No such luck, with your diarist receiving a letter in the mail last week notifying him that his CommInsure accident trauma cover was going up a massive 14.9 per cent.
When City Beat rang the customer service centre for an explanation, the man on the line claimed the increases were necessary for the policy to “remain sustainable” and the hike was pretty standard across the sector. He also noted that the 14.9 per cent would be on top of a 3 per cent consumer price index increase. Ouch!
Charging top dollar for a product that can only be described as a well-polished turd does not seem smart, but then again the banks are well known for putting greed above common sense.
You might recall CBA, helmed by Matt Comyn has been skewered at the Royal Commission into banking misdeeds.

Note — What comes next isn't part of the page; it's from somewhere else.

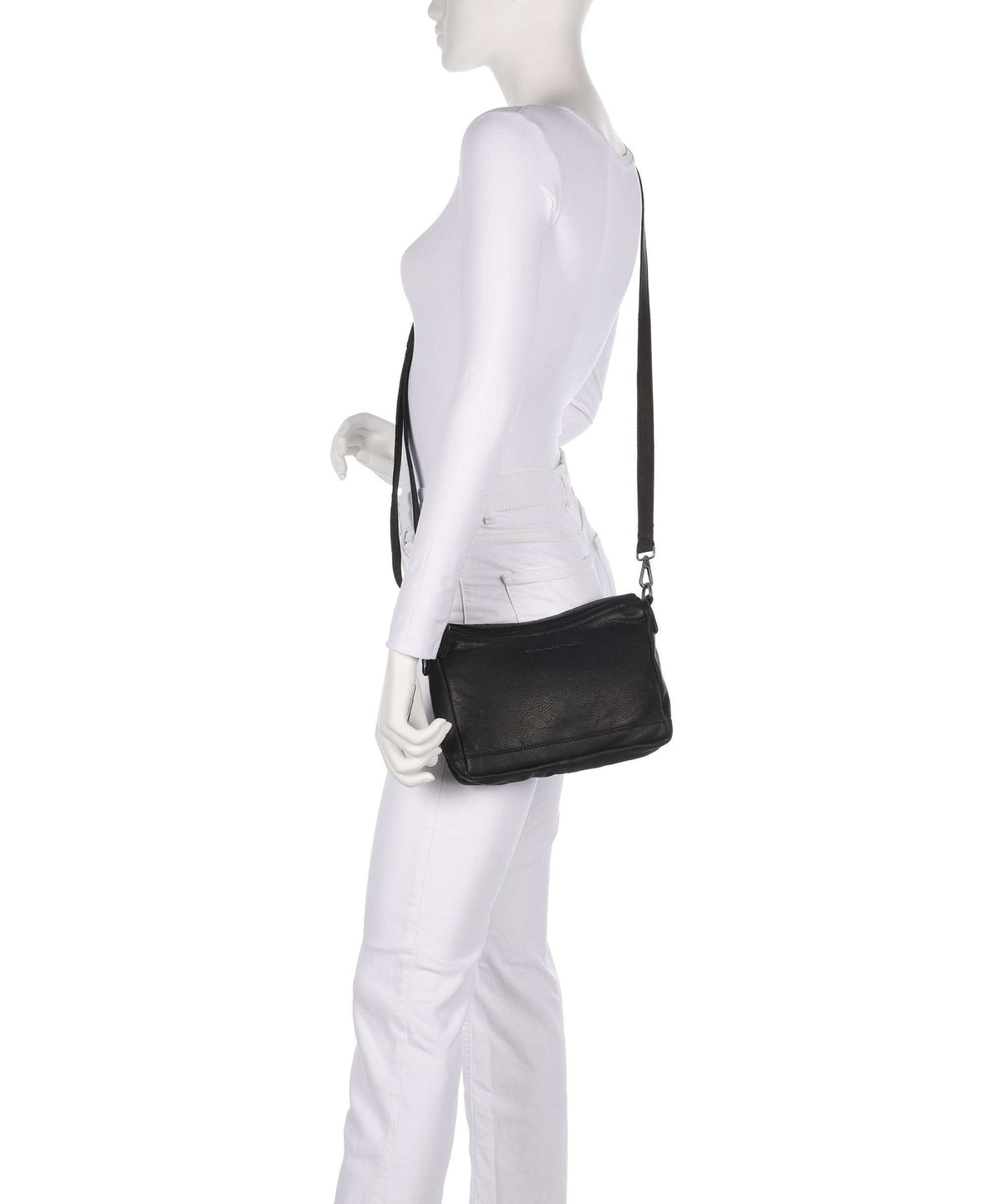 The Chesterfield Brand Washed Waxed Cow Irving Shoulder bag black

Last month, it apologised for wrongly denying a breast cancer sufferer’s insurance claim because she did not meet its outdated definition of radical breast surgery. CommInsure also faced a scandal and investigation by the regulator in 2016 over its use of out-of-date medical definitions, including for heart attacks. Comyn has admitted the bank has been “rightly criticised for mistakes” and promised to try to fix issues sooner. We are still waiting.
POWERING UP
MORE news on the state’s growing involvement in the burgeoning global battery industry. ASX-listed Pure Minerals Ltd yesterday said it planned to acquire Queensland Pacific Metals (QPM), which is looking at building a nickel processing plant in Townsville to supply growing demand for electric car batteries.
QPM has an agreement to purchase high grade nickel-cobalt from New Caledonia and also holds exploration rights for nickel-cobalt in the Marlborough region of Queensland.
QPM director John Downie, who will join the board of Perth-based Pure Minerals, tells City Beat that the venture is now well placed to ride surging demand for batteries.
Downie says that the proposed plant just north of Townsville could be operating by 2021. That will be good economic news for Townsville, which is still smarting from the closure of Clive Palmer’s Queensland Nickel refinery in 2016 that left 800 workers jobless. Downie and his management team have decades of experience in the nickel industry, including with Queensland Nickel, the Goro Nickel Project and Gladstone Pacific Nickel.